Também a nível de sectores económicos se detectam níveis de carga fiscal muito díspares, sem qualquer justificação ou racionalidade económica, pelo que deveria objectivar-se a situação produzindo e publicitando os elementos estatísticos relevantes e tomando as medidas correctivas adequadas.
Torna-se necessário atender adequadamente à competitividade do sistema fiscal, não só na perspectiva interna (comparação inter-sectorial da carga efectivamente existente), como na externa (visando assegurar a concorrencialidade das produções nacionais no exterior).
Não é conhecido um mecanismo de controlo dos abates e perdões fiscais (por vezes de montante elevadíssimo), e o contencioso fiscal continua a dar a mesma prioridade aos pequeníssimos e pequenos casos e aos de importância muito avultada. É do conhecimento generalizado que alguns cidadãos, com níveis de vida muitíssimos elevados, não pagam impostos ou os pagam ao nível de cidadãos que pouco ultrapassam os limiares de pobreza, o que para além de eventuais fugas e ilegalidades tem de ter-se por socialmente inaceitável e mesmo escandaloso.

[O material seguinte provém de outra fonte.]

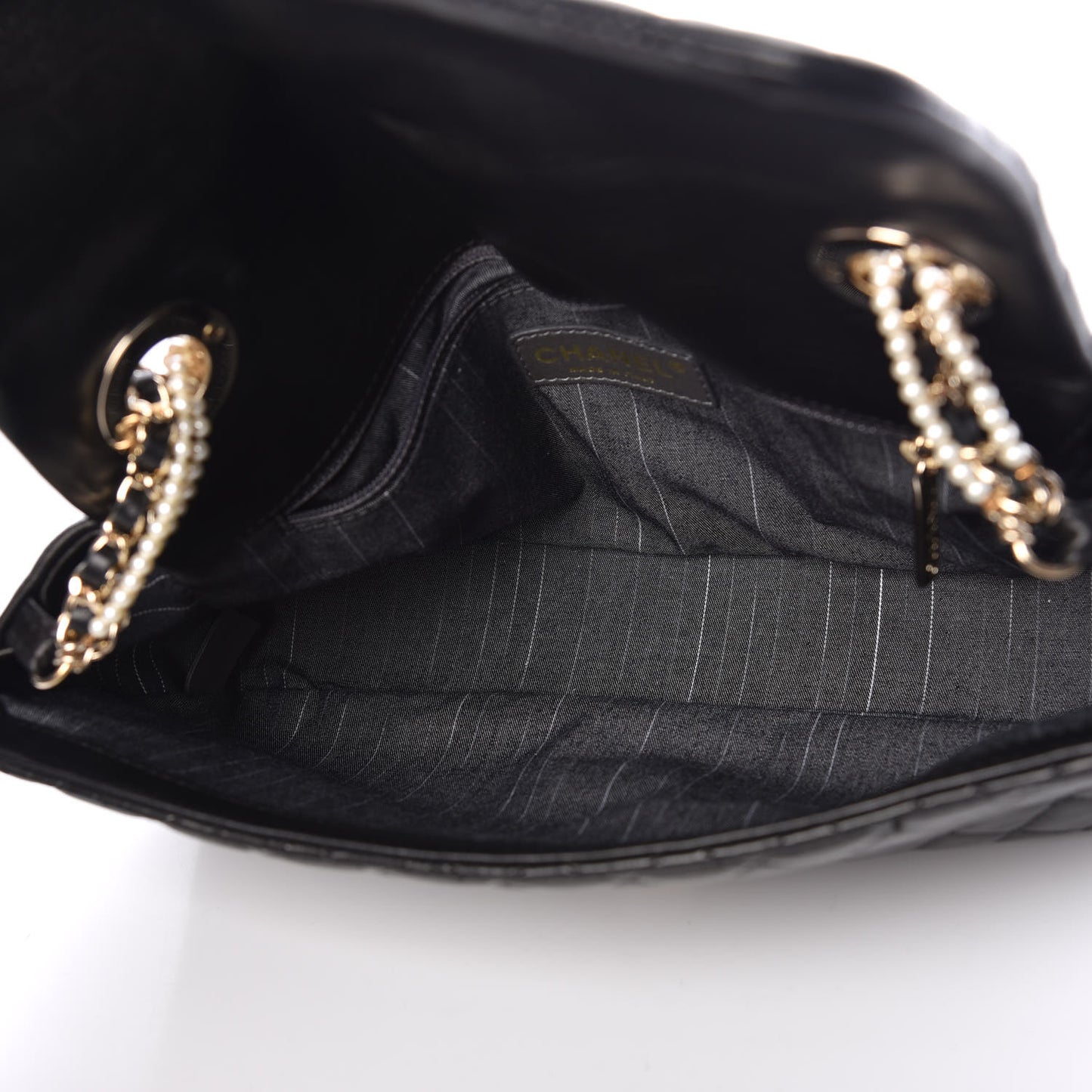 Lambskin Medium Westminster Pearl Flap Black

Não obstante algumas melhorias introduzidas, persiste uma larga prática de fraudes e evasões resultante em grande medida da pouca eficácia da fiscalização tributária e do contencioso fiscal, com inevitáveis consequências negativas quanto à igualdade dos cidadãos perante a lei e à efectiva garantia dos seus direitos.
É sobejamente reconhecida a elevada fraude e evasão fiscal em sede de IRC. Um número demasiado elevado de empresas (quase metade) não cumpre as suas obrigações fiscais ao não entregar a respectiva declaração de IRC e, daquelas que a entregam, uma margem excessivamente elevada declara prejuízos.

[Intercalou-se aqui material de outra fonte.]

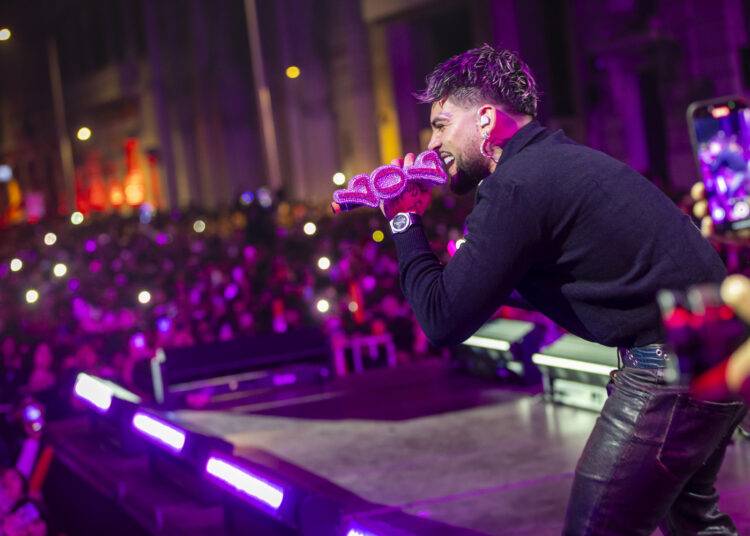 Gira Teletón 2025 suma a Gino Mella para su show en Temuco y Lautaro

Não se compreende que o Estado não disponha dos meios suficientes e necessários para conhecer o património dos sujeitos fiscais e respectivos rendimentos, de acordo com modelos e práticas há muito vigentes em países da OCDE e da União Europeia, ou que não obtenha informação universalmente disponível e facilmente acessível como é o caso dos valores efectivos das transacções imobiliárias. O CES entende que a confidencialidade deve existir para salvaguarda da individualidade e de interesses legítimos - e, nessa perspectiva, defende-a e não para cobertura de ilegalidades e de lesão à colectividade (como é o caso da fuga ao pagamento do imposto).
Haverá, assim, que operacionalizar a "aplicação justa e efectiva da política fiscal, de forma a reduzir drasticamente os fenómenos da evasão fiscal e da economia paralela, nomeadamente através da proibição da concessão de incentivos ou benefícios fiscais às pessoas singulares ou colectivas que hajam sido condenadas pela prática de crimes tributários" e de recurso a outros meios.